▶ _Available data_:

——

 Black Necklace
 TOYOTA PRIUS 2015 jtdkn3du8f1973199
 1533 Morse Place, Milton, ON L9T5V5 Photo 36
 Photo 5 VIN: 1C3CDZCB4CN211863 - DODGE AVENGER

——

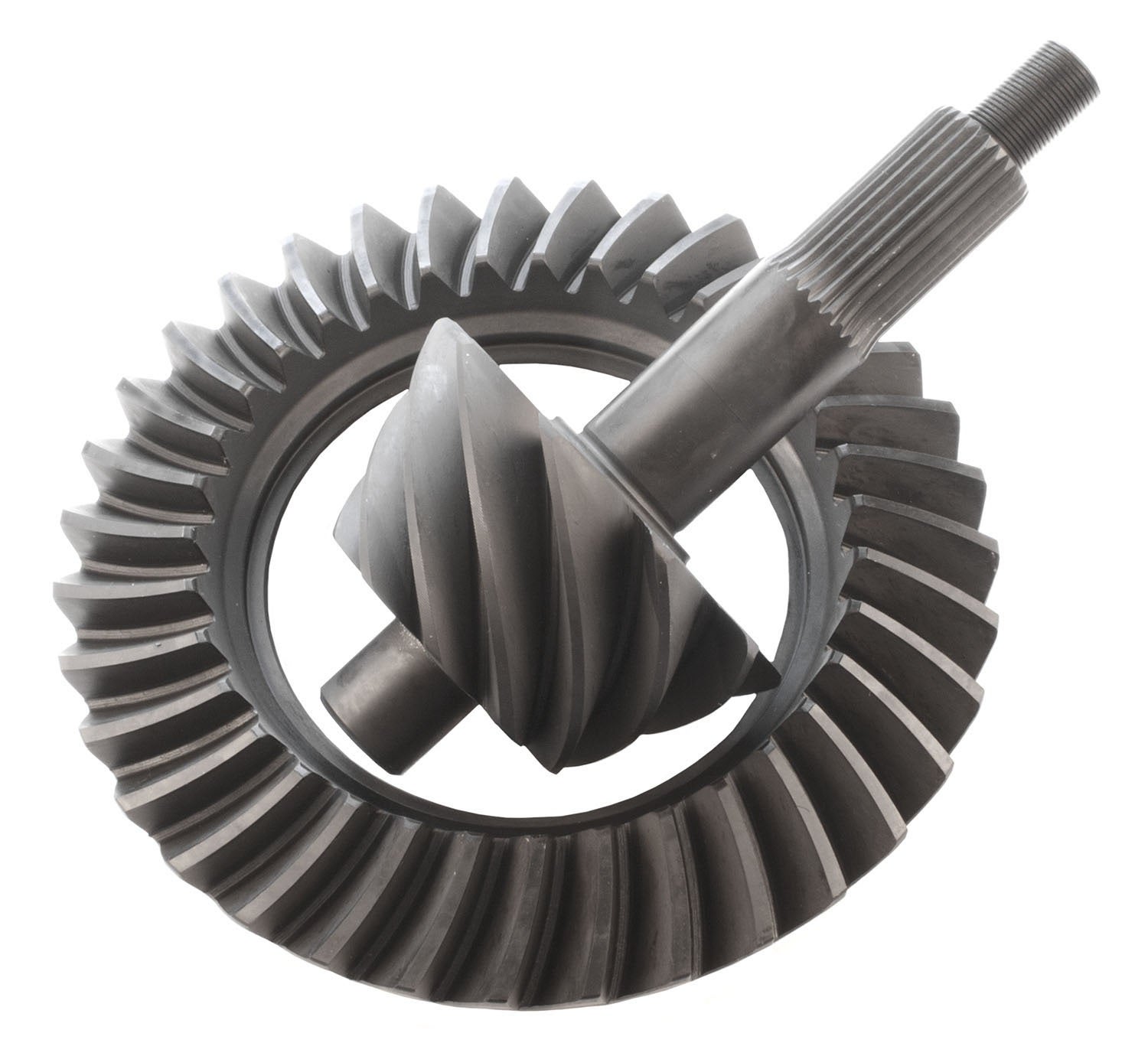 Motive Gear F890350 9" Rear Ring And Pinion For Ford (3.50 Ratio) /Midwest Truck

——

▶ _Problem statement_: Among the lines above, find those containing the word "Photo" and copy each.

▶ _Expected answer_:
 1533 Morse Place, Milton, ON L9T5V5 Photo 36
 Photo 5 VIN: 1C3CDZCB4CN211863 - DODGE AVENGER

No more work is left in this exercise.